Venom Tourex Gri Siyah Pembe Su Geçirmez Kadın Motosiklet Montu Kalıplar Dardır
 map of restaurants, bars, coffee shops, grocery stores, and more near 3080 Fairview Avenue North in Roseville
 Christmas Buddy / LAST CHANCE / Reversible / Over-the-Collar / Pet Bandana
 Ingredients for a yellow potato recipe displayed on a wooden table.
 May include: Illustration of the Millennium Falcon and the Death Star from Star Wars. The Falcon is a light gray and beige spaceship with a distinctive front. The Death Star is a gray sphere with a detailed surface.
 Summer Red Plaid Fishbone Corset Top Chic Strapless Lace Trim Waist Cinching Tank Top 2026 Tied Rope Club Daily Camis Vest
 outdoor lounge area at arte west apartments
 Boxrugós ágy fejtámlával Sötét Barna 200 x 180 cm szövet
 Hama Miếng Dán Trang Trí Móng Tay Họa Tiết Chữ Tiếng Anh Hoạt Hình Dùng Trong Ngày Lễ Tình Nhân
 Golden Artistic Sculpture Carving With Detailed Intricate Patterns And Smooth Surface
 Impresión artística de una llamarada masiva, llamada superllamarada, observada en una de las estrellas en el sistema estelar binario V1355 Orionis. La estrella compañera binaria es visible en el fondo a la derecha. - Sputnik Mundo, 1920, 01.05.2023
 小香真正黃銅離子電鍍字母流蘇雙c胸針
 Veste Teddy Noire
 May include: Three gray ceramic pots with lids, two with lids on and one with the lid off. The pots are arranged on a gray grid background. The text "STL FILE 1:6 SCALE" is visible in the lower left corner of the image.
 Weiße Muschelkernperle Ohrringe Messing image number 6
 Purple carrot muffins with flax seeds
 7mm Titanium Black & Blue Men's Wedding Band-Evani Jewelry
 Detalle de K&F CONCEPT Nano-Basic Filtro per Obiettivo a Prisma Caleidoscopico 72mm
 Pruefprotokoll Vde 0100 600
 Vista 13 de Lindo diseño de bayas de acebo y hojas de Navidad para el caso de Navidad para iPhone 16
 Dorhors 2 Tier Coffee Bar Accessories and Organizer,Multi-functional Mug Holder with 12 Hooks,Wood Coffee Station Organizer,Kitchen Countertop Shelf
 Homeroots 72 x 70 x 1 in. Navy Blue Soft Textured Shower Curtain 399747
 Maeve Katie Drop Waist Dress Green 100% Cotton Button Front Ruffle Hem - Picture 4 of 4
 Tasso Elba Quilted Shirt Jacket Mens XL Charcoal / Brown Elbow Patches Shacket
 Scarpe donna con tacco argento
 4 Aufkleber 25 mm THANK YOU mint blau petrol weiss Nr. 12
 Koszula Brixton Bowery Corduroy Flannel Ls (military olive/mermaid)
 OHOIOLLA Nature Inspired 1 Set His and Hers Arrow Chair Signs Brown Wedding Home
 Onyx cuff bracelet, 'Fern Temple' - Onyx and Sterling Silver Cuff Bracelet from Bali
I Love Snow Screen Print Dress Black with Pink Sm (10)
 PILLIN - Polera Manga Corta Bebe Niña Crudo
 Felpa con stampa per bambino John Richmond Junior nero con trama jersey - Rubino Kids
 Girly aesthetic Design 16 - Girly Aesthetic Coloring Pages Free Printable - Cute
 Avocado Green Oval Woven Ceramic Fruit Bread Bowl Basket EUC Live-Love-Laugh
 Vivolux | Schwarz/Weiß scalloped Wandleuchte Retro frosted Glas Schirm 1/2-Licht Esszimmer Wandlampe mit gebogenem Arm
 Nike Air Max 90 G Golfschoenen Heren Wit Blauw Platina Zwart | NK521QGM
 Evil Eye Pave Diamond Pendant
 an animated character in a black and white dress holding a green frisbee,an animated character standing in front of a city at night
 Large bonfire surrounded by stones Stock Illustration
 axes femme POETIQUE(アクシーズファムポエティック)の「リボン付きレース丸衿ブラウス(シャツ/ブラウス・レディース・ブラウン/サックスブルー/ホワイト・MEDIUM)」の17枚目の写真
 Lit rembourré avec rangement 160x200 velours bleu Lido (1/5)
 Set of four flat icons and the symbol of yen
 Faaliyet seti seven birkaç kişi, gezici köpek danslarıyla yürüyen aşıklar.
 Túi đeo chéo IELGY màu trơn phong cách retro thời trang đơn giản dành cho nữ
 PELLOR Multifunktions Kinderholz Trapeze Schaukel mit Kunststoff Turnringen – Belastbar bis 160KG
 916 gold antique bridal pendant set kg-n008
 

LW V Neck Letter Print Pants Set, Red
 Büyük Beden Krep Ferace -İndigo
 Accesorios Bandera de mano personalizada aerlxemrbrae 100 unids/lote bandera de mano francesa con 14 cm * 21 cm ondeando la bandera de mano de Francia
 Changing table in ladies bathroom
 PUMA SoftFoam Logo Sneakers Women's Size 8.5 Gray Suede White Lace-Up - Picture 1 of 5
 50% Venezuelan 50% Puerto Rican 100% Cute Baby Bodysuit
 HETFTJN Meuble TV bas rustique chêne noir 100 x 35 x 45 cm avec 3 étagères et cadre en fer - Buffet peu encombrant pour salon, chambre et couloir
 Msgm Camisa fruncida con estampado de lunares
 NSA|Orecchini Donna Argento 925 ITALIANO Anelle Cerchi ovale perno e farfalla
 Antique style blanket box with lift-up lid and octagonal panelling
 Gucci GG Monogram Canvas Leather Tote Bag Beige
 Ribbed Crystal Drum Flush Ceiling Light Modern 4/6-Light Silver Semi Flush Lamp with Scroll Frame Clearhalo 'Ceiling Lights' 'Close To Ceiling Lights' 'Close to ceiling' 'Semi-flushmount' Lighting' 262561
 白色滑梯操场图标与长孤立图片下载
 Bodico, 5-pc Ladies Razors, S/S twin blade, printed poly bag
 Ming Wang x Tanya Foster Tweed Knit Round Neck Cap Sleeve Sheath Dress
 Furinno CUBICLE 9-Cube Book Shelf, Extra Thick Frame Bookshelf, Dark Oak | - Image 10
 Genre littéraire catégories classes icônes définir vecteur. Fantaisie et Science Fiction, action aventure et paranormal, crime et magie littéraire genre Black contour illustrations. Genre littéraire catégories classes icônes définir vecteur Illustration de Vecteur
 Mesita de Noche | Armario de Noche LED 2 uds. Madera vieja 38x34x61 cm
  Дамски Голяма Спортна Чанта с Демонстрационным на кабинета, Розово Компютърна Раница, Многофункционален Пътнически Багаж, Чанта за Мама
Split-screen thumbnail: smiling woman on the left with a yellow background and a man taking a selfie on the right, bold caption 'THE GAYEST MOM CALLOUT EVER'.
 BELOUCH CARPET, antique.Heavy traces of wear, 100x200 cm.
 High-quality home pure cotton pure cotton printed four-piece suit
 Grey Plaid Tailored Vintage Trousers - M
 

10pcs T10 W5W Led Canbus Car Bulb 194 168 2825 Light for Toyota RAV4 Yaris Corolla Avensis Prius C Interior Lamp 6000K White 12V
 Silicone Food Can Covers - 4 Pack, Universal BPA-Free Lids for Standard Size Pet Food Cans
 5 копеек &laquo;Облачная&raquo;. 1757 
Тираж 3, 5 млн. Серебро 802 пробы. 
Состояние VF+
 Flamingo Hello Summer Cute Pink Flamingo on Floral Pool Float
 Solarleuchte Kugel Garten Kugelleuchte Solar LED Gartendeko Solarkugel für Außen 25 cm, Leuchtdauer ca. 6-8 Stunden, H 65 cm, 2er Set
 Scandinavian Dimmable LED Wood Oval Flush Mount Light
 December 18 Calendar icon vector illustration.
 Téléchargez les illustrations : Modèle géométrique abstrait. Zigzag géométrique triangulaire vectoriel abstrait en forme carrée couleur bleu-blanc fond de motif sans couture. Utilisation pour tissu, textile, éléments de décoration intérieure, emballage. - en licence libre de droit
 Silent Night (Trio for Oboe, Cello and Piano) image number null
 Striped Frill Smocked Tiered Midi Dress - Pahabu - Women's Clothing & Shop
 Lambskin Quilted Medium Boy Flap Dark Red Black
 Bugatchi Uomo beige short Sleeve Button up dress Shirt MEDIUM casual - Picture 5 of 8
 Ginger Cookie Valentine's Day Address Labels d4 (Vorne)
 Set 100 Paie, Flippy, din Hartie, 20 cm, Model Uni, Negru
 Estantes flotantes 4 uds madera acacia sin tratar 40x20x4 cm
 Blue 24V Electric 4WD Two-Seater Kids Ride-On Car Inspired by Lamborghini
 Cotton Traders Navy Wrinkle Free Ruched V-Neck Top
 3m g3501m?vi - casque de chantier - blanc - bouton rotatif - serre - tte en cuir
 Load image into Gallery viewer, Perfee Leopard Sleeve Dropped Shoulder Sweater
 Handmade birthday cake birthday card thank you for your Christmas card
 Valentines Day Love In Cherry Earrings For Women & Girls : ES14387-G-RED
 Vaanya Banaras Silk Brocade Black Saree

▶ **The task**: Only one part of the material above is to be transcribed, namely the lines starting with the line that has "Set of four flat icons and the symbol of yen" and going on through the line that has "Genre littéraire catégories classes icônes définir vecteur.", exactly as they stand.

▶ **Output of the task**:
 Set of four flat icons and the symbol of yen
 Faaliyet seti seven birkaç kişi, gezici köpek danslarıyla yürüyen aşıklar.
 Túi đeo chéo IELGY màu trơn phong cách retro thời trang đơn giản dành cho nữ
 PELLOR Multifunktions Kinderholz Trapeze Schaukel mit Kunststoff Turnringen – Belastbar bis 160KG
 916 gold antique bridal pendant set kg-n008
 

LW V Neck Letter Print Pants Set, Red
 Büyük Beden Krep Ferace -İndigo
 Accesorios Bandera de mano personalizada aerlxemrbrae 100 unids/lote bandera de mano francesa con 14 cm * 21 cm ondeando la bandera de mano de Francia
 Changing table in ladies bathroom
 PUMA SoftFoam Logo Sneakers Women's Size 8.5 Gray Suede White Lace-Up - Picture 1 of 5
 50% Venezuelan 50% Puerto Rican 100% Cute Baby Bodysuit
 HETFTJN Meuble TV bas rustique chêne noir 100 x 35 x 45 cm avec 3 étagères et cadre en fer - Buffet peu encombrant pour salon, chambre et couloir
 Msgm Camisa fruncida con estampado de lunares
 NSA|Orecchini Donna Argento 925 ITALIANO Anelle Cerchi ovale perno e farfalla
 Antique style blanket box with lift-up lid and octagonal panelling
 Gucci GG Monogram Canvas Leather Tote Bag Beige
 Ribbed Crystal Drum Flush Ceiling Light Modern 4/6-Light Silver Semi Flush Lamp with Scroll Frame Clearhalo 'Ceiling Lights' 'Close To Ceiling Lights' 'Close to ceiling' 'Semi-flushmount' Lighting' 262561
 白色滑梯操场图标与长孤立图片下载
 Bodico, 5-pc Ladies Razors, S/S twin blade, printed poly bag
 Ming Wang x Tanya Foster Tweed Knit Round Neck Cap Sleeve Sheath Dress
 Furinno CUBICLE 9-Cube Book Shelf, Extra Thick Frame Bookshelf, Dark Oak | - Image 10
 Genre littéraire catégories classes icônes définir vecteur. Fantaisie et Science Fiction, action aventure et paranormal, crime et magie littéraire genre Black contour illustrations. Genre littéraire catégories classes icônes définir vecteur Illustration de Vecteur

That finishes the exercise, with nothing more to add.